-- Opening Marker --
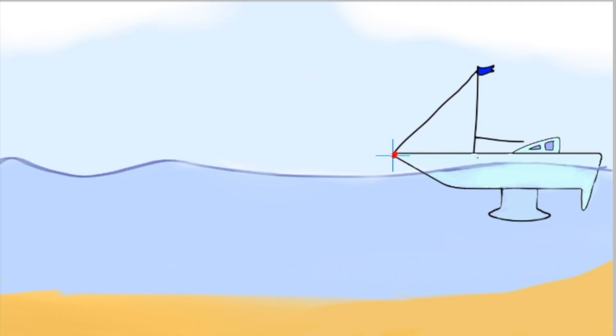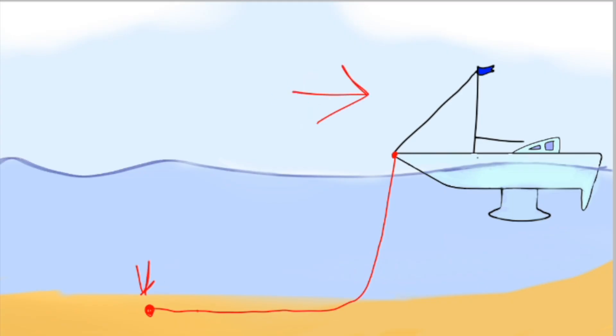When the boat anchors, it gets laid and sunk like this. When the anchor hits the seabed, it digs into the soil. The boat pulls back when anchoring, spraying the chain and digging the anchor deeper into the sand.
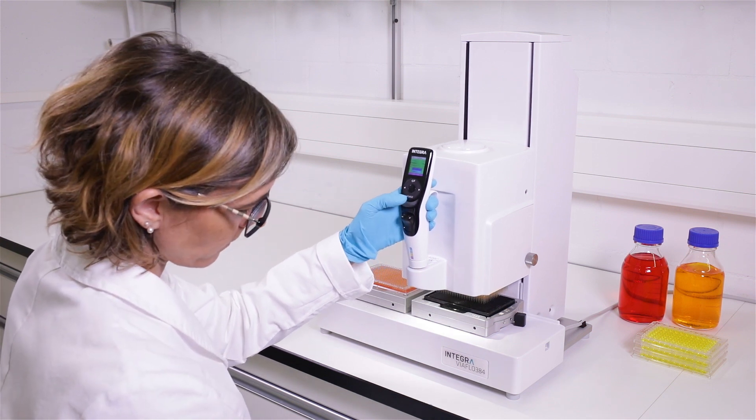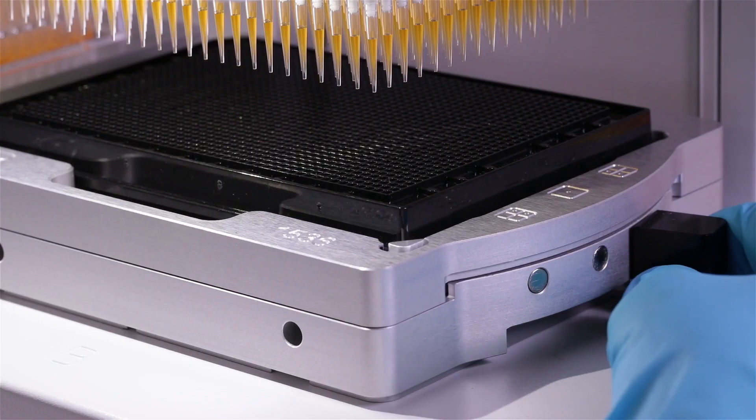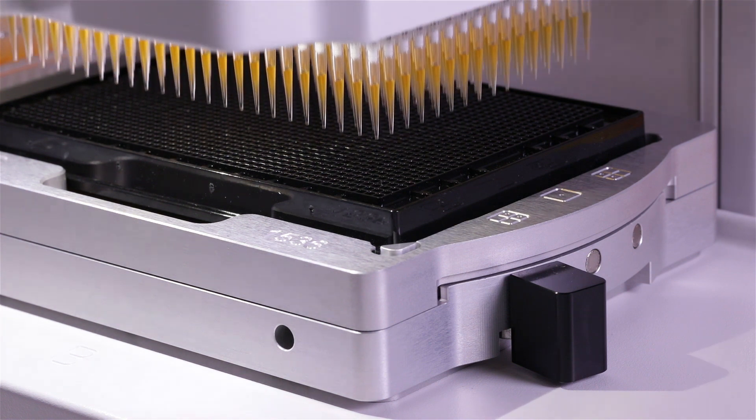The procedure is the same as reformatting 96-well plates to 384 format. Simply shift the lever to access the wells in the front and the back.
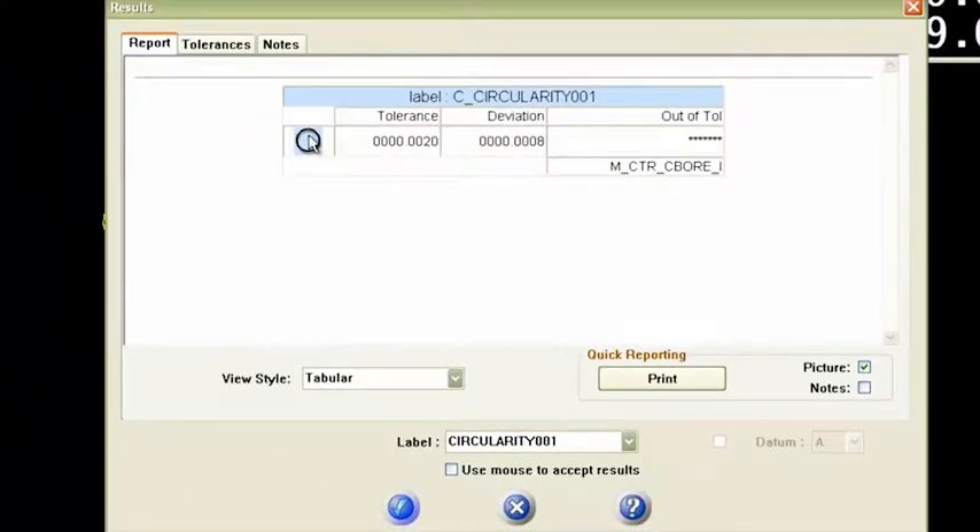This is very cool. This will show my client the same GD&T symbol that they're used to seeing. They've got a two thousandth tolerance, and here's my deviation — it's eight tenths of a thou. So I am passing, I'm not out of tolerance. And here's the feature: it's that center counterbore.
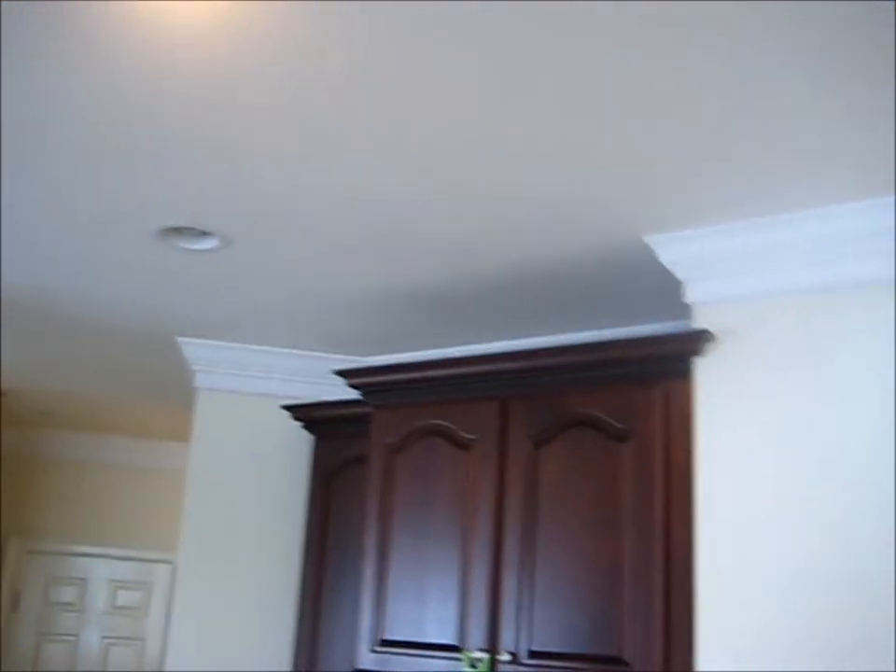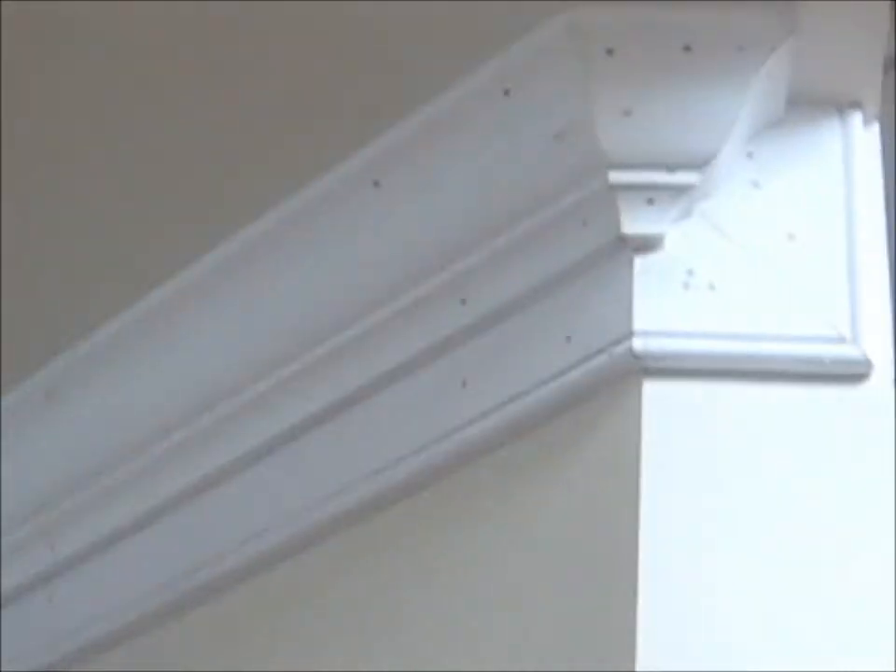Who says the chrome molding doesn't look good on the cabinets? You can put it on the cabinets — because you can. There we go.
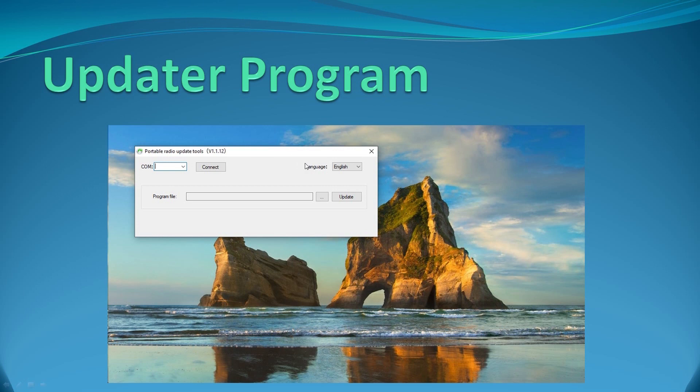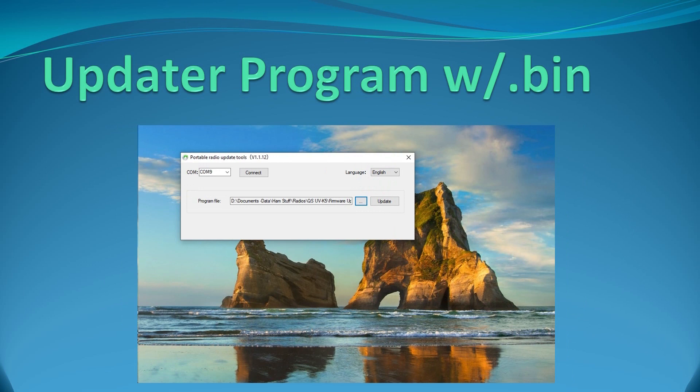Select the correct COM port and press Connect. If the software comes up in Chinese, the language box is on the right side — press the dropdown and the second choice is English. Here is the updater with my COM 9 selected, which is where the driver for my USB cable showed up. I've got English selected, and I've navigated back to where I unzipped my file and located the .bin file using the three-dot browse button. Now I'm pretty much ready to go.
-- Closing Marker --
→ ACTIVITY
Reproduce the entries above word for word. Pictures stay out.

→ TASK RESULT
When the boat anchors, it gets laid and sunk like this. When the anchor hits the seabed, it digs into the soil. The boat pulls back when anchoring, spraying the chain and digging the anchor deeper into the sand.
The procedure is the same as reformatting 96-well plates to 384 format. Simply shift the lever to access the wells in the front and the back.
This is very cool. This will show my client the same GD&T symbol that they're used to seeing. They've got a two thousandth tolerance, and here's my deviation — it's eight tenths of a thou. So I am passing, I'm not out of tolerance. And here's the feature: it's that center counterbore.
Who says the chrome molding doesn't look good on the cabinets? You can put it on the cabinets — because you can. There we go.
Select the correct COM port and press Connect. If the software comes up in Chinese, the language box is on the right side — press the dropdown and the second choice is English. Here is the updater with my COM 9 selected, which is where the driver for my USB cable showed up. I've got English selected, and I've navigated back to where I unzipped my file and located the .bin file using the three-dot browse button. Now I'm pretty much ready to go.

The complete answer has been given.